By:   /s/Thomas G. Wiggans       /s/Yousuke Ariyoshi       /s/Cynthia J. Ladd
     ---------------------       -------------------       ------------------

Name:  Thomas G. Wiggans          Yousuke Ariyoshi          Cynthia J. Ladd
     ---------------------       -------------------       ------------------ 

Title: President & CEO            Managing Director         VP - Corporate Law
     ---------------------       -------------------       --------------------
                                 President, Pharmaceuticals
                                 and Diagnostics Company
<PAGE>   4
                                   EXHIBIT A
   
                   Filed on Form S-1 as Part of Exhibit 10.6 to the 
             Company's Registration Statement on Form S-1 (Reg.

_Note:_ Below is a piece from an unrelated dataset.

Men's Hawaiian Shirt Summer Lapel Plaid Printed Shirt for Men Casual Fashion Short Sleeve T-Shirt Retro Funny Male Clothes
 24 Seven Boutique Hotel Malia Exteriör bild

No. 33-80261) 
             with the Securities and Exchange Commission on December 12, 1995.
             Certain portions of such Exhibit 10.6 have been granted
             confidential treatment by the Securities and Exchange Commission.
    
<PAGE>   5

                                  EXHIBIT B

   
        Filed on Form S-1 as part of Exhibit 10.6 to the Company's Registration
Statement on Form S-1 (Reg. No. 33-80261) with the Securities and Exchange
Commission on December 12, 1995. Certain portions of such Exhibit 10.6 have
been granted confidential treatment by the Securities and Exchange Commission.